WHAT THIS TASK INVOLVES: Pictures are to be left out; otherwise, copy exactly the lines from the line containing "a bedroom with" through the end of the data.

EXTRACTED MATERIAL:
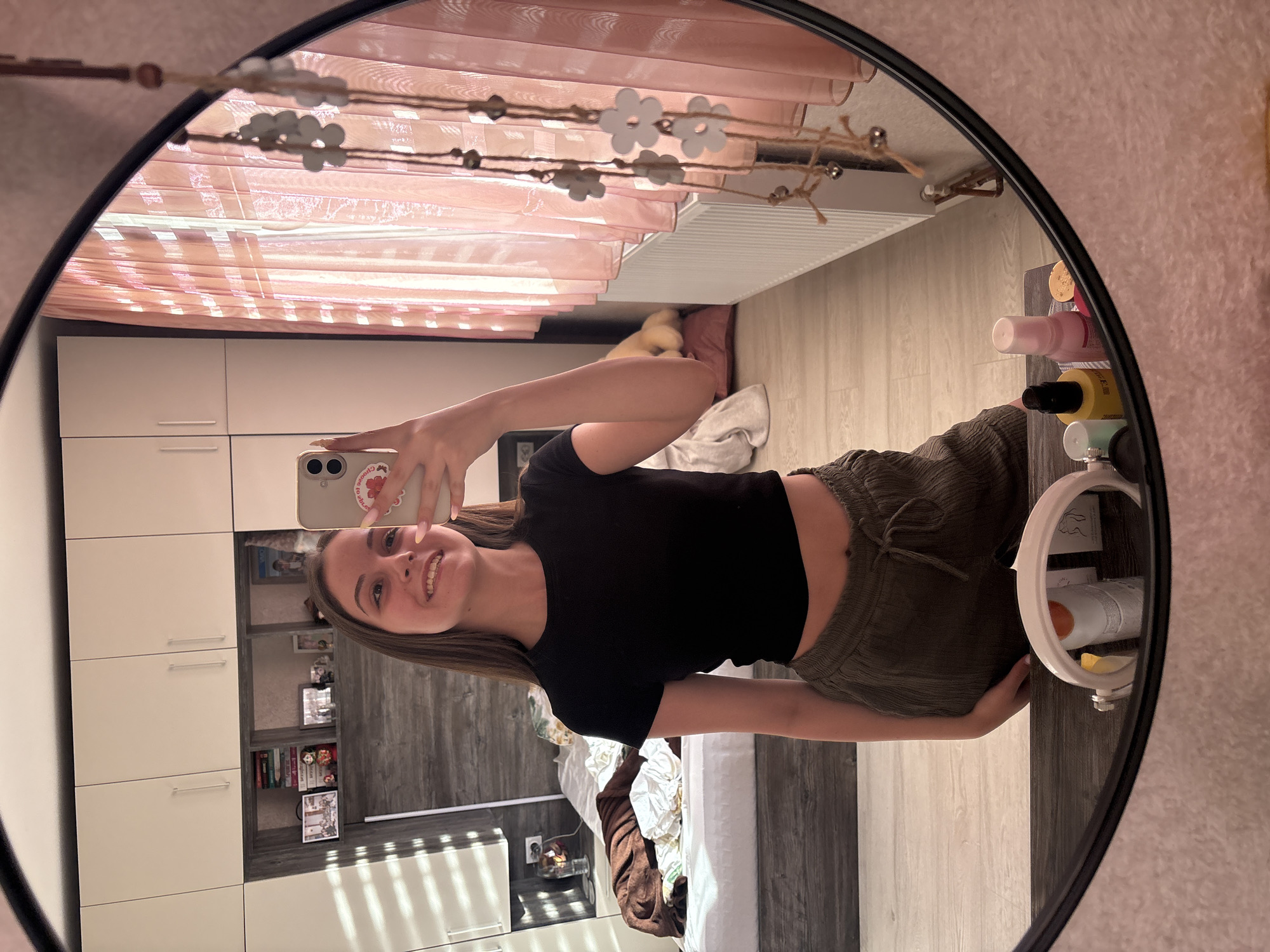 Woman takes mirror selfie in bedroom, Bulgarovo Bulgaria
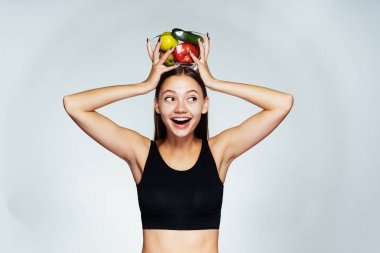 bir tabak sebze ile başını tutarak ve uzağa bakarak mutlu ince kız.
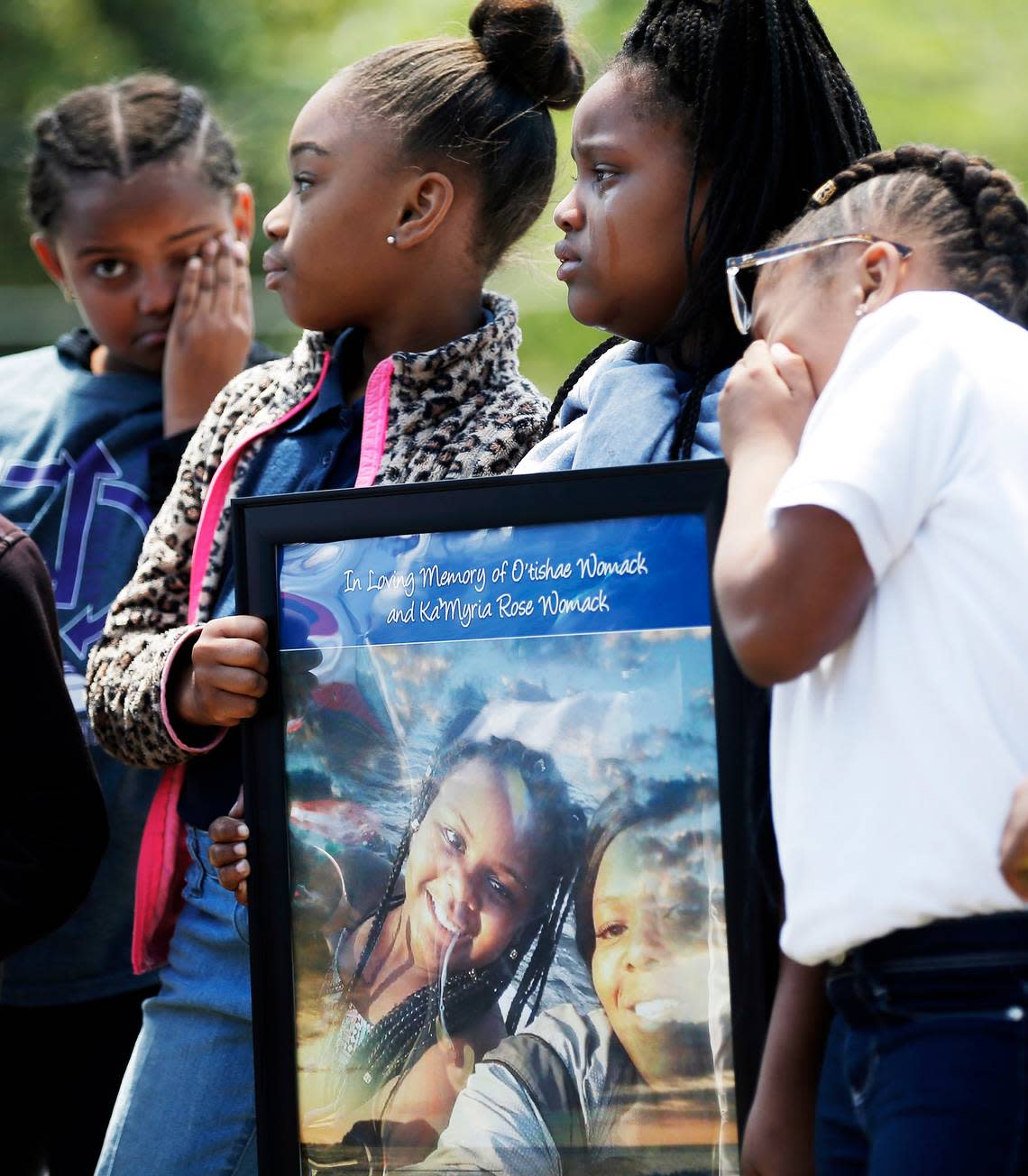 (Starting second from left) Fourth-graders Marlya Dents, 10, Jade Fox, 9, and Ramya Sayles, 9, mourn their friend and classmate Ka’Myria Rose Womack and her mother, O’Tishae Womack, both apparent victims of domestic violence, during a memorial on April 20, 2018, at Morningside Elementary School in Fort Worth, where Ka’Myria was a student.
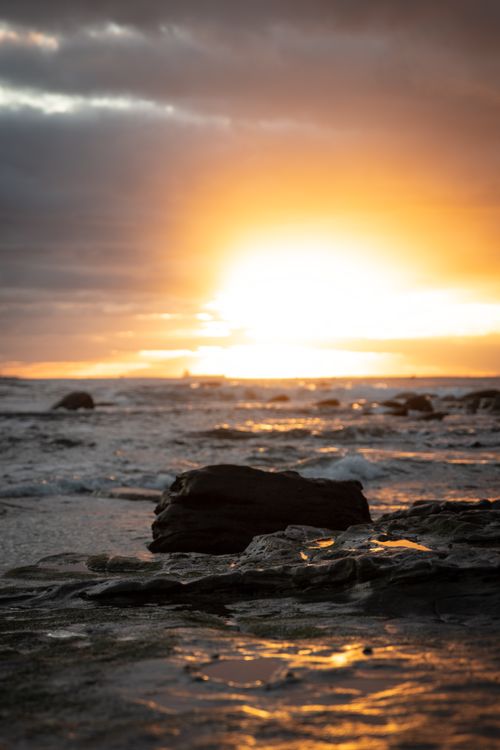 Free A stunning sunrise illuminates the rocky coastline of Sunshine Coast, Australia. Stock Photo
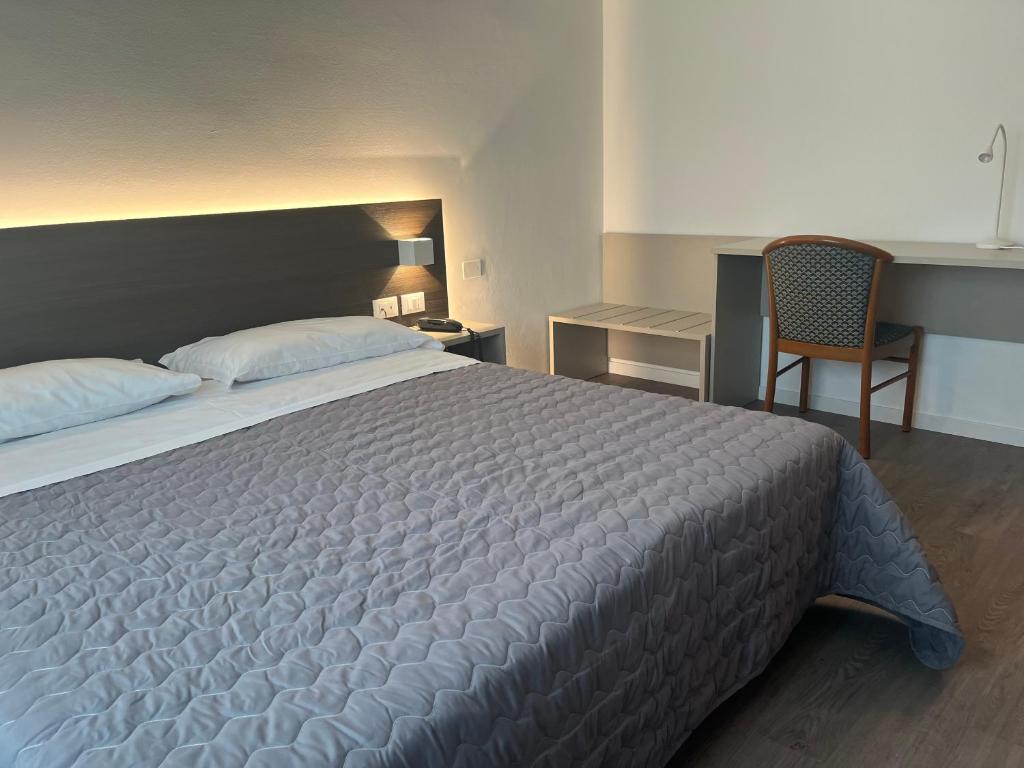 a bedroom with a large bed and a chair at Hotel Friuli in Cervignano del Friuli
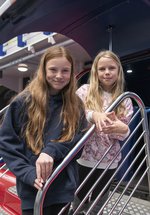 Two girls at RAF simulator ride 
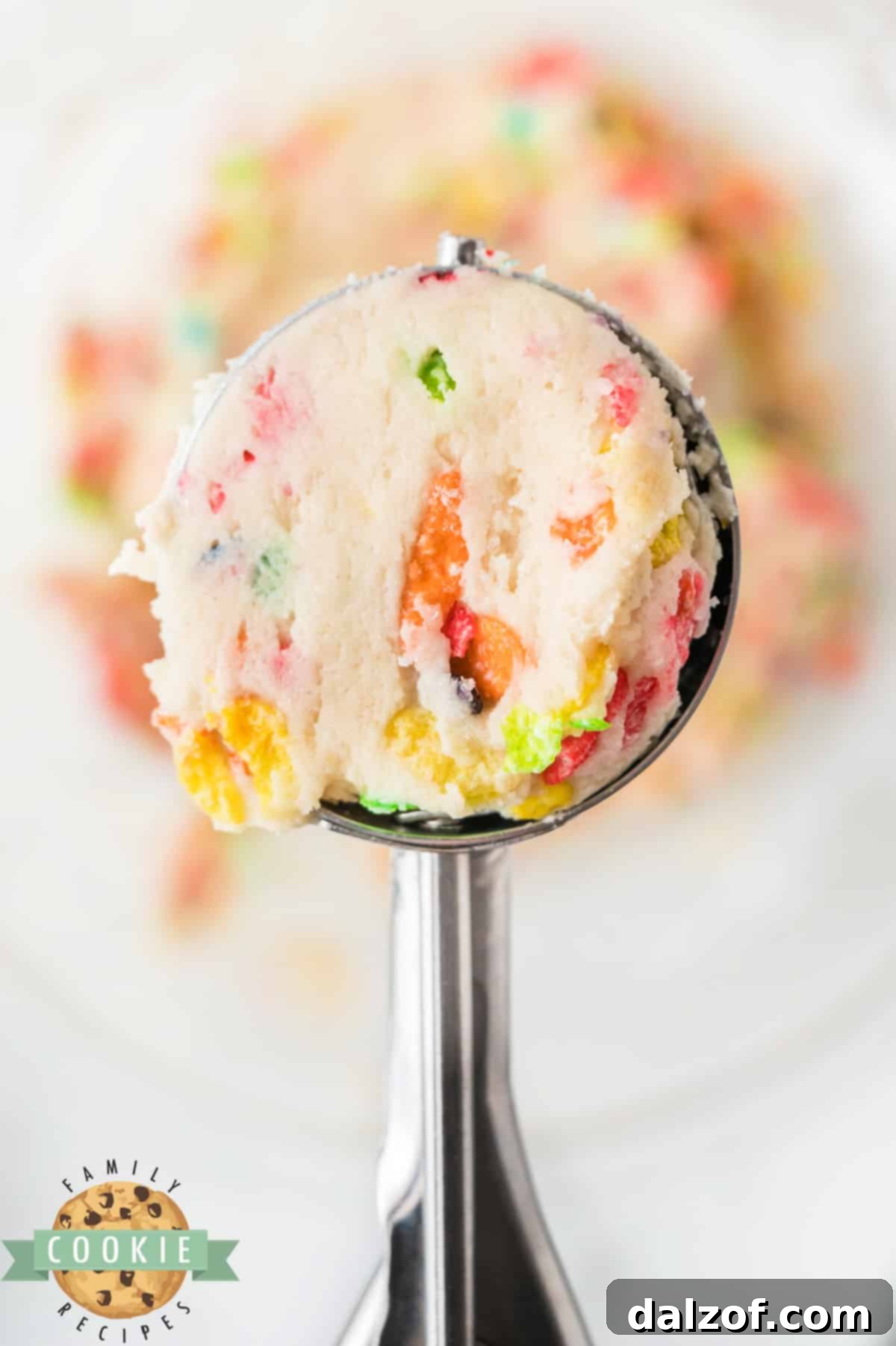 A scoop of cookie dough, ready to be rolled in cereal.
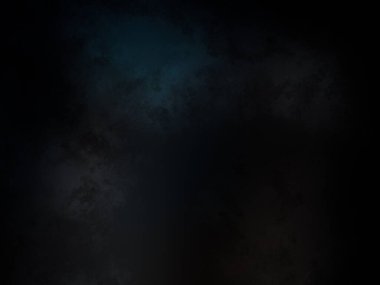 Siyah bir arka planın önünde duran takım elbiseli ve kravatlı bir adam.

RESULT OF THE TASK:
 a bedroom with a large bed and a chair at Hotel Friuli in Cervignano del Friuli
 Two girls at RAF simulator ride 
 A scoop of cookie dough, ready to be rolled in cereal.
 Siyah bir arka planın önünde duran takım elbiseli ve kravatlı bir adam.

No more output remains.